Regulation of gastric mucosal calcium channel activity by an antiulcer agent, ebrotidine.

Ebrotidine is a new H2-receptor antagonist also known for its gastroprotective effect against ethanol-induced mucosal injury. In this study, we investigated the effect of ebrotidine on the activity of the gastric mucosal calcium channels. The channel complex was isolated from the solubilized gastric epithelial cell membranes by affinity chromatography on wheat germ agglutinin. The complex following labeling with [3H] PN200-110 was reconstituted into phosphatidylcholine vesicles which exhibited active 45Ca2+ uptake into intravesicular space and responded in a concentration-dependent manner to calcium channel activator, BAY K8644, as well as to calcium channel antagonist, PN200-100. The 45Ca2+ uptake was inhibited by ebrotidine which caused maximum inhibitory effect of 54.9% at 50 micrograms/ml. The gastric mucosal calcium channels on epidermal growth factor binding (EGF) in the presence of ATP responded by an increase in tyrosine phosphorylation of 55 and 170 kDa proteins, and the vesicles containing the phosphorylated channels displayed a 48% greater 45Ca2+ uptake.

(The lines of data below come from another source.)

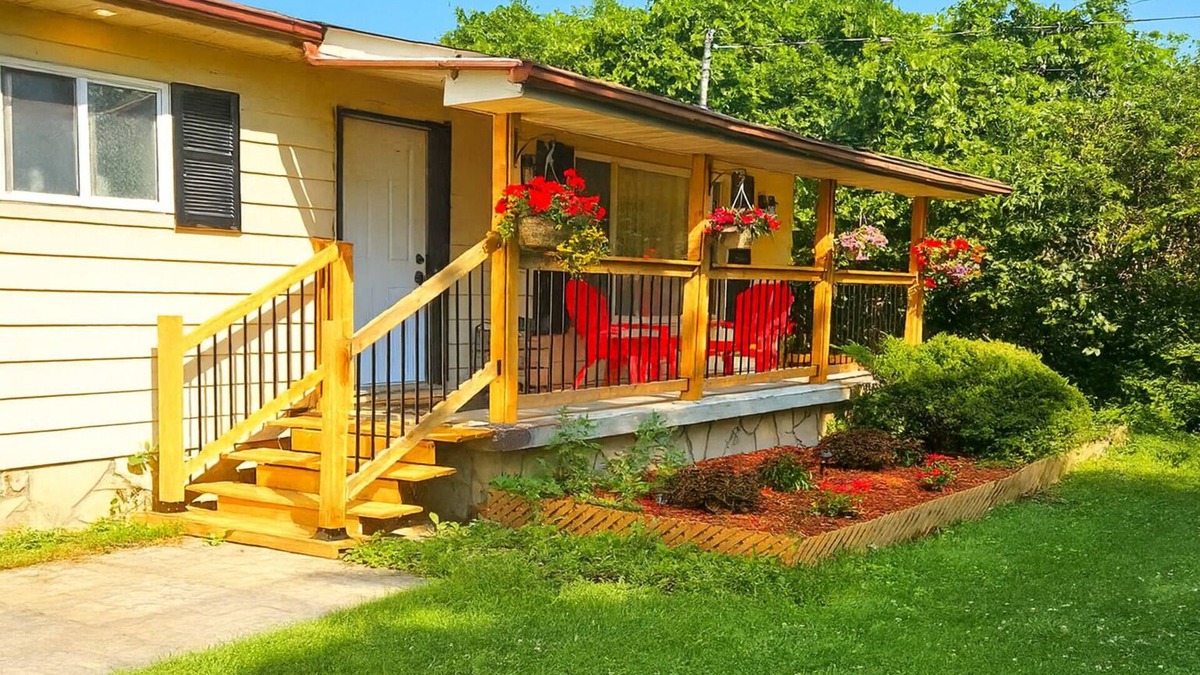 Jacksons Point Cottage | Cozy Fountain Cottage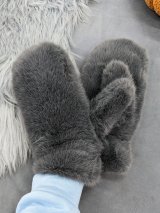 Затишні рукавички з хутра «Зимовий комфорт» INNOE 85005-2 Темно-сірий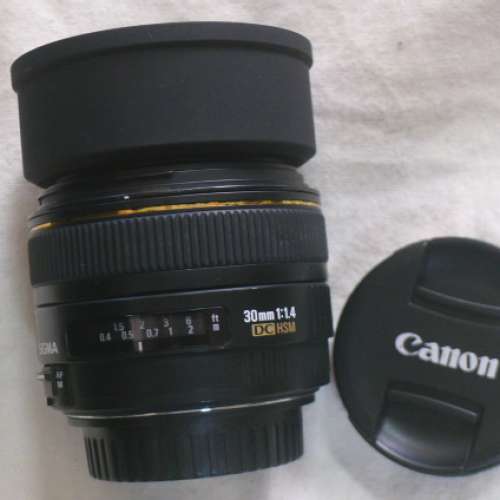 Sigma AF30mm F1.4 EX  ------Canon Mount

This phosphorylation process was inhibited by ebrotidine which also interfered with the binding of EGF to calcium channel protein. The results point towards the importance of EGF in the maintenance of gastric mucosal calcium homeostasis, and suggest that ebrotidine has the ability to protect the cellular integrity from calcium imbalance by modulating the EGF-stimulated gastic mucosal calcium channel phosphorylation.